Well, gobear, while I can quite easily see why you might feel that “them Christians are going by what they read in the Bible” and not adhering to an observation of objective reality, in point of fact my own experience was that, while I was “living in my head” (thanks, Tris, for that handy phrase you supplied at dinner for what I had a hard time explaining to gobear about my earlier, sterile life), that was how I operated, and I was in fact a judgmental, dogmatic sort of individual.
Then I had an experience that can be quickly if vaguely described as “God talking to me” – but for which I prefer the concept that Larry Niven originated in having his viewpoint character explain how it felt to have one of the Grogs implant information in him telepathically.

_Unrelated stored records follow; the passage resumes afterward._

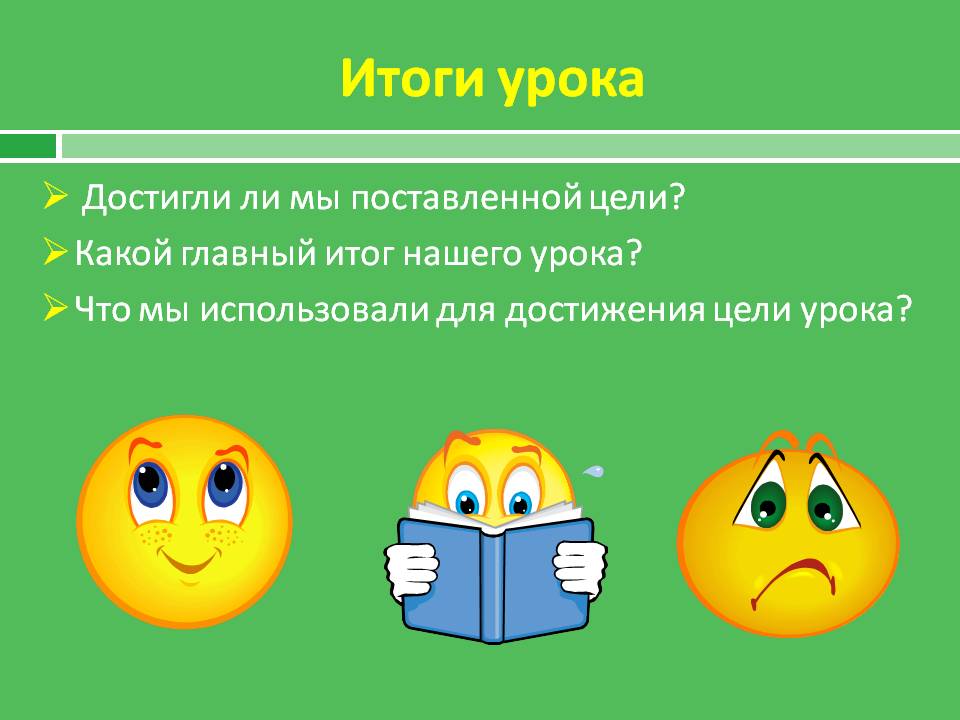 Итоги урока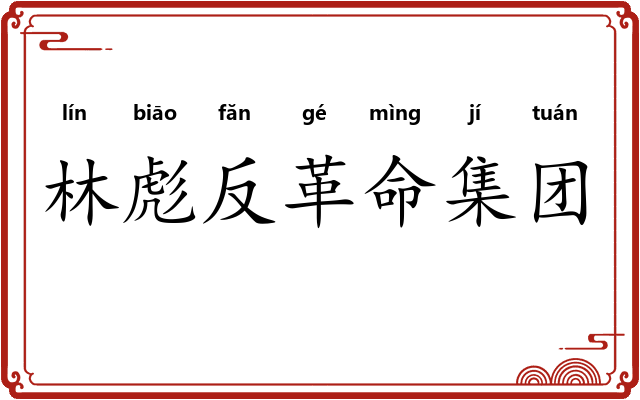 林彪反革命集团 林彪反革命集团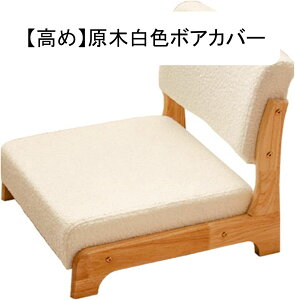 ���֎q �a�� �N�b�V�����t�� �ؐ� �V���v�� �t���A�`�F�A �a���֎q ��֎q �|�����ȒP �l�ԍH�w �y�� �Ȗ��J�o�[ �a�� ���ԗp ���ڊ� ���� �x�b�h���[�� ��o���R�j�[ ���r�̈֎q �������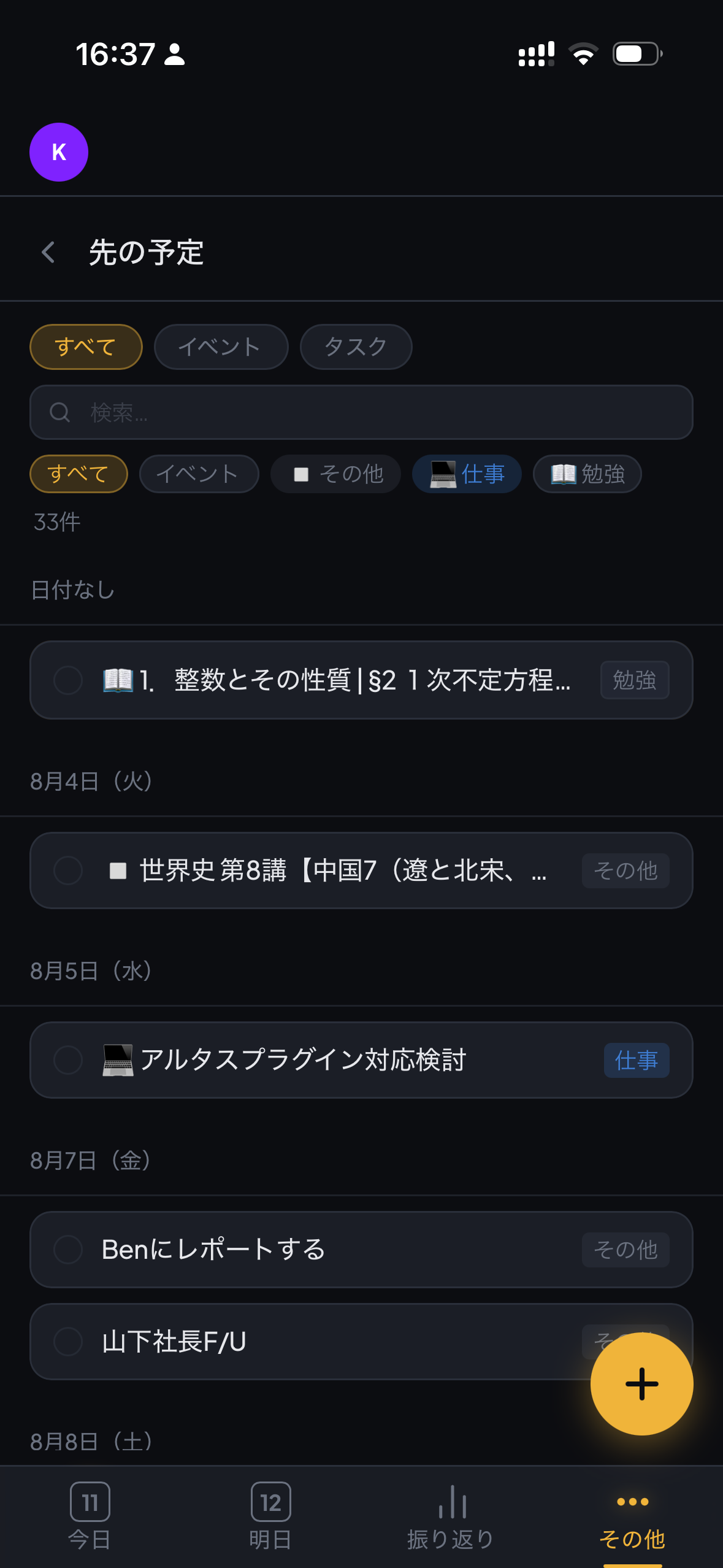 先の予定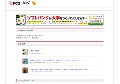 アダルト動画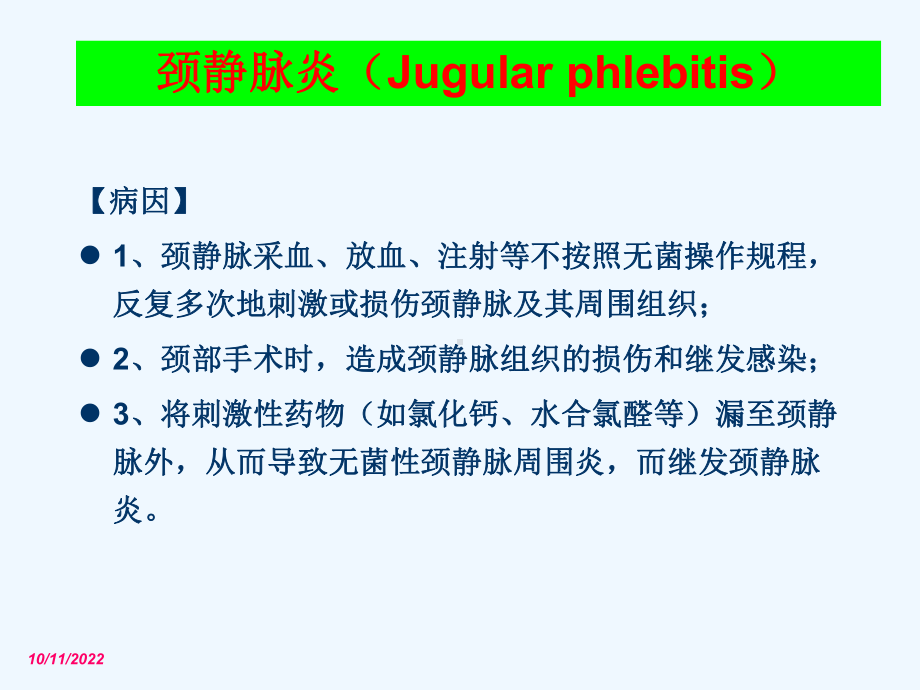 七讲颈部疾病介绍课件.ppt_第2页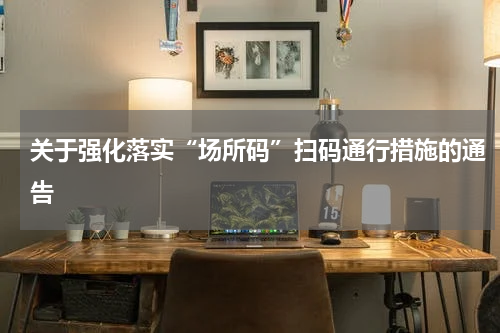 关于强化落实“场所码”扫码通行措施的通告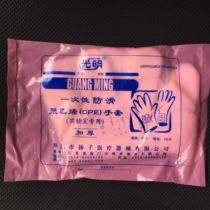 Bright disposable gloves cpe film PE gloves beauty food laboratory special thick non-slip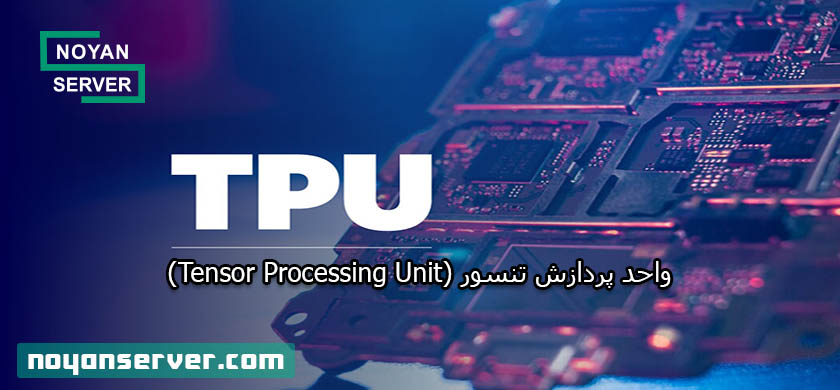 TPU چیست؟ واحد پردازش تنسور (Tensor Processing Unit)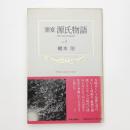 窯変源氏物語 3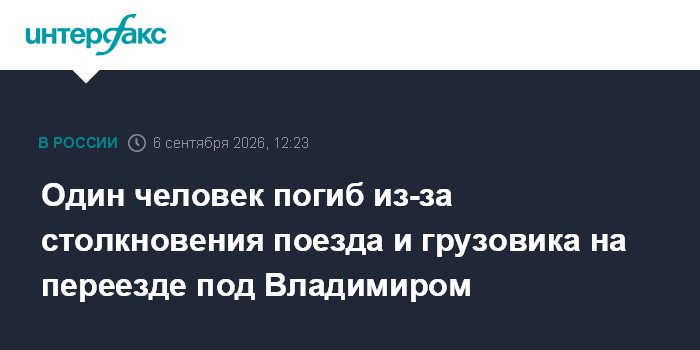 Один человек погиб из-за столкновения поезда и грузовика на переезде под Владимиром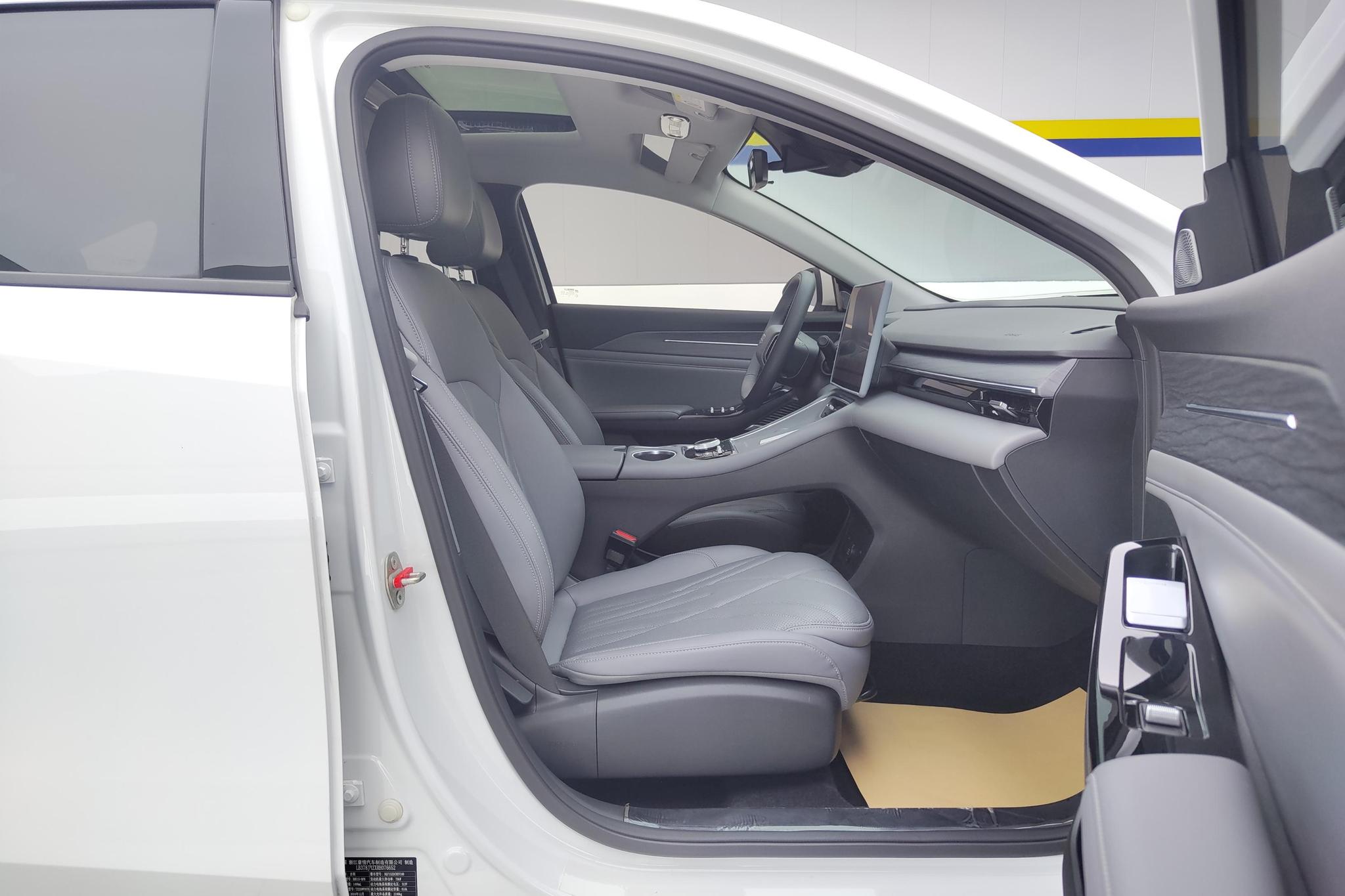 Geely Galaxy Galaxy L6 L6 2025 1.5 EM-i DHT 140KM +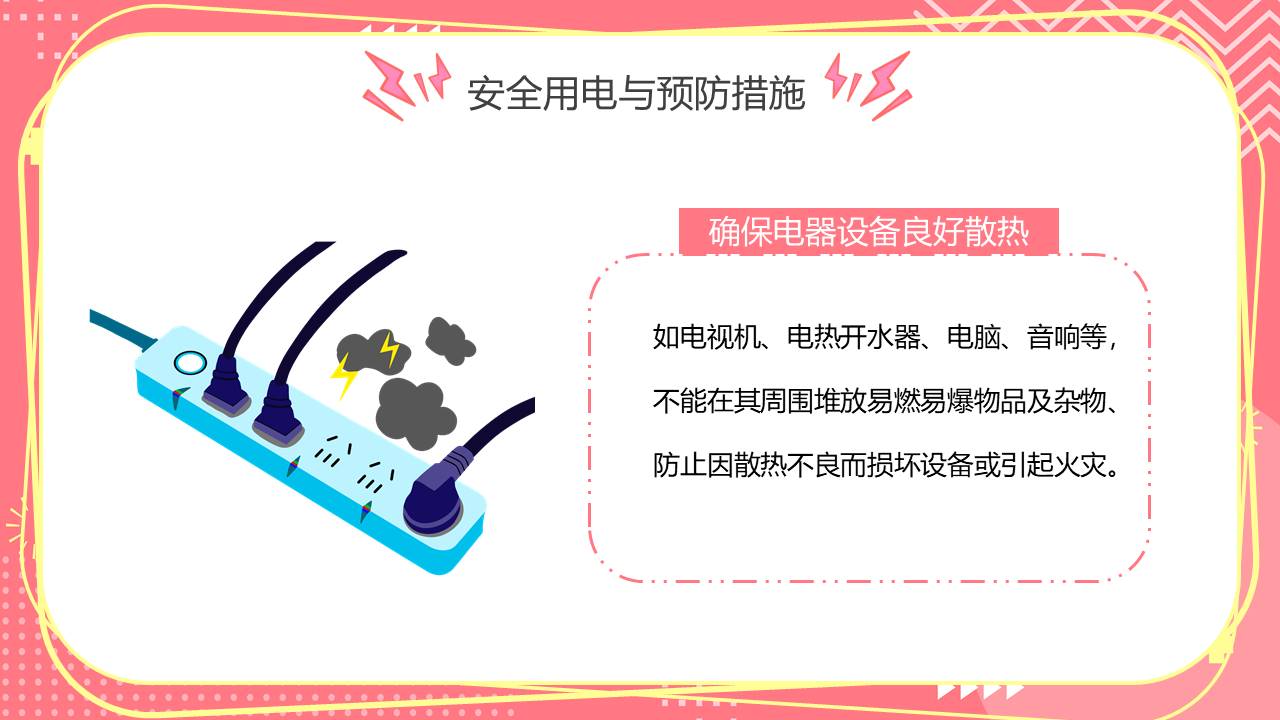 安全教育 (36).pptx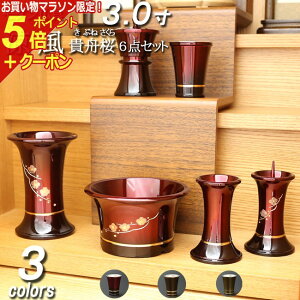 y}\P5{+N[|z  _ Zbgw MM 6_Zbg 3x_ Zbg 6 ~jd  _d   F d  낤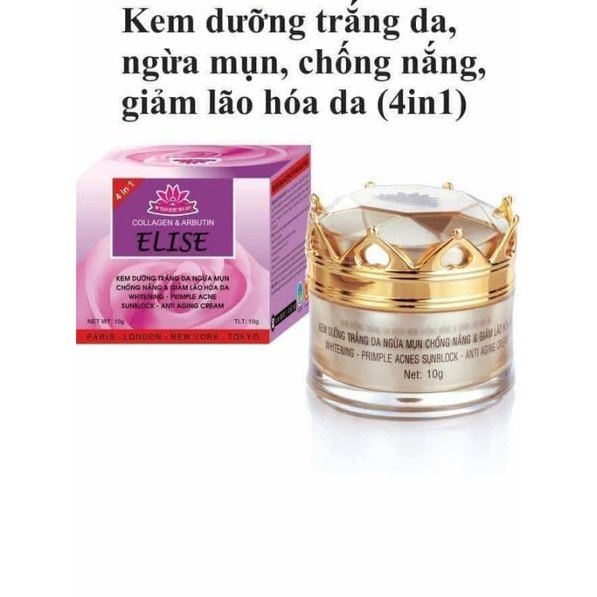 kem elise 10g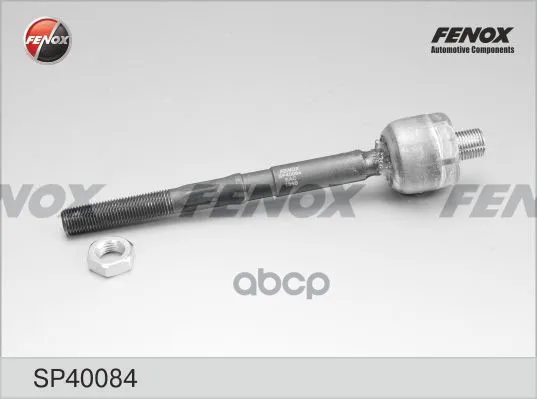 Тяга Рулевая FENOX арт. SP40084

Somewhat paraphrased, “He knew with a crystal clarity things that he was aware that he had not known before, yet had no sense of having learned it.”
That was how it felt to experience God’s presence within me. I knew him as a loving and powerful entity other than myself, and the knowledge of that Presence was present but the memory of having learned it was not. And the result was a burning hunger to know Him, to know more of Him, and to do His will.
I made a hairy nuisance of myself for some time thereafter, and then had the second great experience of falling in love with the young man who became my ward and in spirit my son, the pictures of whom and of whose family you’ve seen.
And this was yet another of God’s gifts to me, because in his presence to me and mine to him, we healed each other’s broken spirits and he opened me up to the experience of being an integral human whose emotions are not “something that no good man can express” but which need to be suppressed (as my parents had taught me) but someone who can use reason and emotion, empathy and compassion, anger and love for the common good.
And it was an interesting experience to be acting as a father figure to him and finding myself telling him, not what I wanted to see him do, but rather what would be best for him in the long run (and we’re not talking religious morals here, but rather the living out of his life, the sorts of life decisions young men have to make as they pass from late adolescence into adulthood). I felt very strongly that I was mentally blocked from telling him anything but the right advice, even when what I wanted personally was something quite different.
Now, what you have here is my word on what happened. I’m quite aware that it’s possible that my experiences were self-delusion (in several hours of personal conversation, I can explain the logic that leads me to believe otherwise) or the actions of some entity other than the Christian God, whether objectively real or something I invented and externalized. But that’s my testimony in a nutshell as to why I counted myself in a relationship with God, and still do, with as much metaphor scraped off and explanation substituted as I can achieve in the time to compose one long post.